(Excerpted data begins)

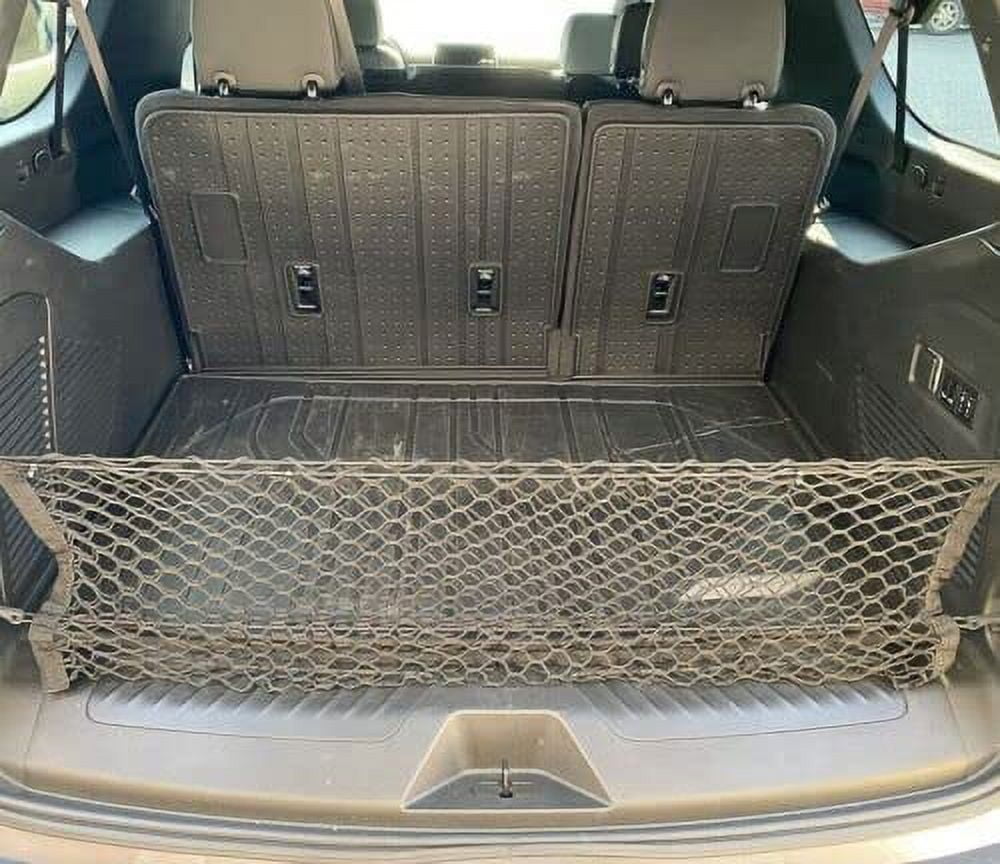 AWELCRAFT Heavy Duty Cargo Net Stretchable, Car Interior Accessories,  Adjustable Elastic Trunk Storage Net with Hook for SUVs, Cars and Trucks  (35.4x15.8 Inch) 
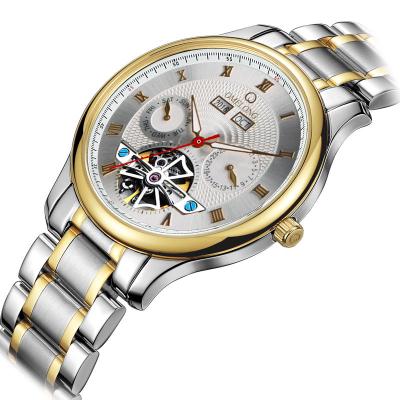 China 5ATM Waterproof Automatic Mechanical Watch BSCI Skeleton Subdial for sale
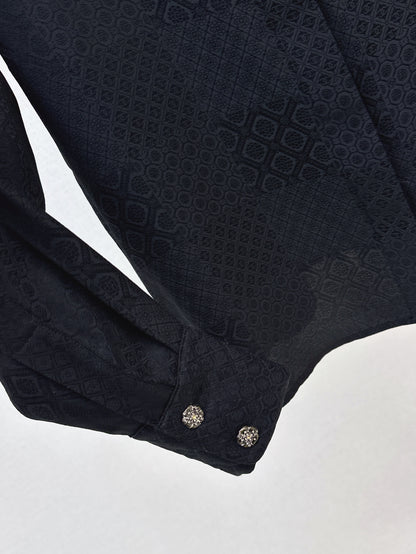 Louis 25fw jacquard silk shirt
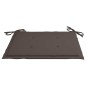 vidaXL Sedie da Giardino Cuscini Grigio Talpa 6 pz in Massello di Teak vidaXL Sedie da Giardino Cuscini Grigio Talpa 6 pz in Massello di Teak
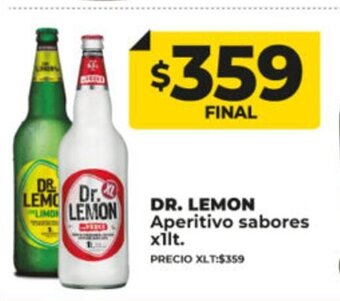 Supermayorista Vital Dr. Lemon Aperitivo Sabores x 1lt oferta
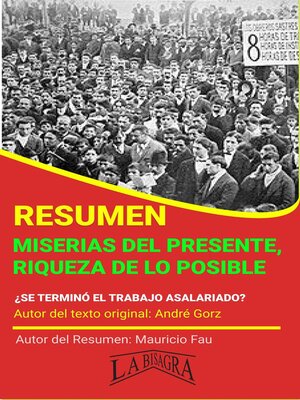 cover image of Resumen de Miserias del Presente, Riqueza de lo Posible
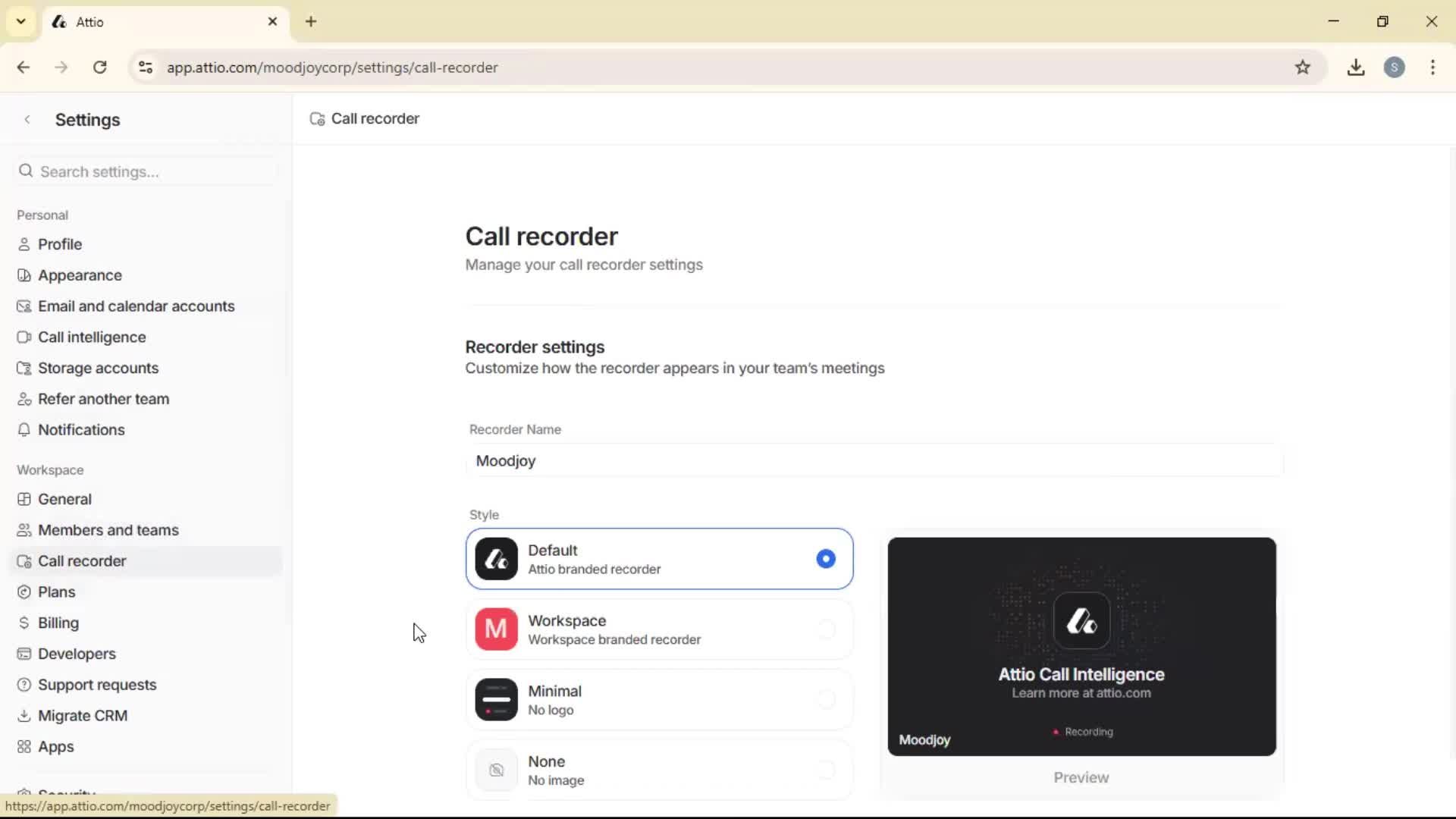 General browsing screenshot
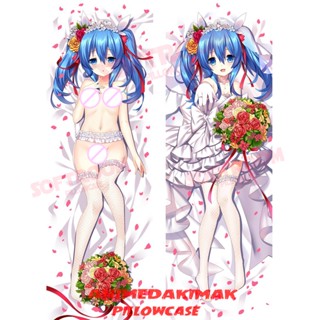 Yoshino DATE A LIVE Dakimakura ปลอกหมอนอิงโซฟา แบบนิ่ม ลายอนิเมะญี่ปุ่น Otaku ขนาด 50x160 ซม. DK4543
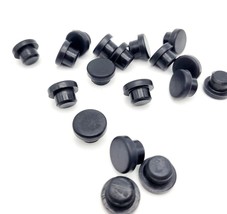 3/8&quot; Rubber Drill Hole Plugs Push In Compression Stem 9/16&quot; Top OD Bumpers Feet - £7.91 GBP+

(Excerpted data ends)

_How to complete this task_
Word for word, set down every record, keeping the images out.

_Result for this exercise_
 AWELCRAFT Heavy Duty Cargo Net Stretchable, Car Interior Accessories,  Adjustable Elastic Trunk Storage Net with Hook for SUVs, Cars and Trucks  (35.4x15.8 Inch) 
 China 5ATM Waterproof Automatic Mechanical Watch BSCI Skeleton Subdial for sale
 Louis 25fw jacquard silk shirt
 vidaXL Sedie da Giardino Cuscini Grigio Talpa 6 pz in Massello di Teak vidaXL Sedie da Giardino Cuscini Grigio Talpa 6 pz in Massello di Teak
 Supermayorista Vital Dr. Lemon Aperitivo Sabores x 1lt oferta
 cover image of Resumen de Miserias del Presente, Riqueza de lo Posible
 General browsing screenshot
 Yoshino DATE A LIVE Dakimakura ปลอกหมอนอิงโซฟา แบบนิ่ม ลายอนิเมะญี่ปุ่น Otaku ขนาด 50x160 ซม. DK4543
 3/8&quot; Rubber Drill Hole Plugs Push In Compression Stem 9/16&quot; Top OD Bumpers Feet - £7.91 GBP+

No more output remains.